• Provided data
....

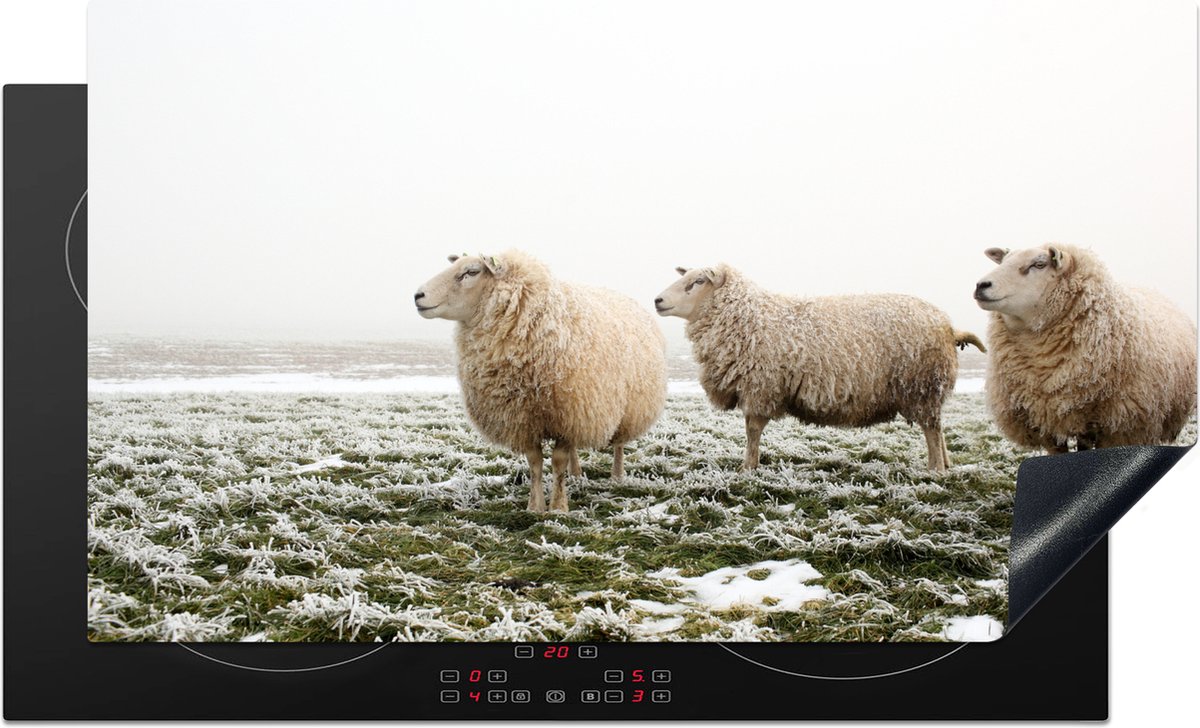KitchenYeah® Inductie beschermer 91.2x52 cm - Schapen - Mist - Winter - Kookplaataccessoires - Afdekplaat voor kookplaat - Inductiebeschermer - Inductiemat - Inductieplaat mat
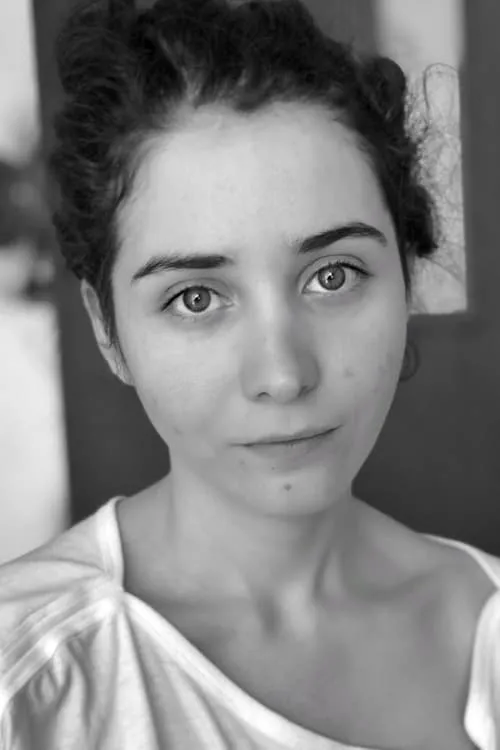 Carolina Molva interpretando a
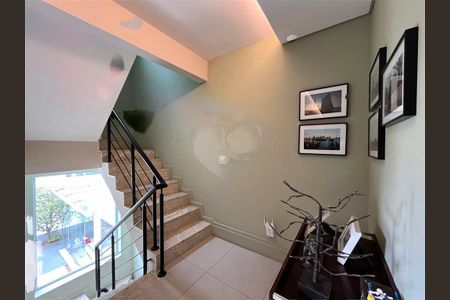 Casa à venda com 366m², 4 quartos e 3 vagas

....

• Instructions to follow
Leave the pictures out and reproduce exactly the lines from the line with "Carolina Molva interpretando a" to the end of the material above.

• Your solution
 Carolina Molva interpretando a
 Casa à venda com 366m², 4 quartos e 3 vagas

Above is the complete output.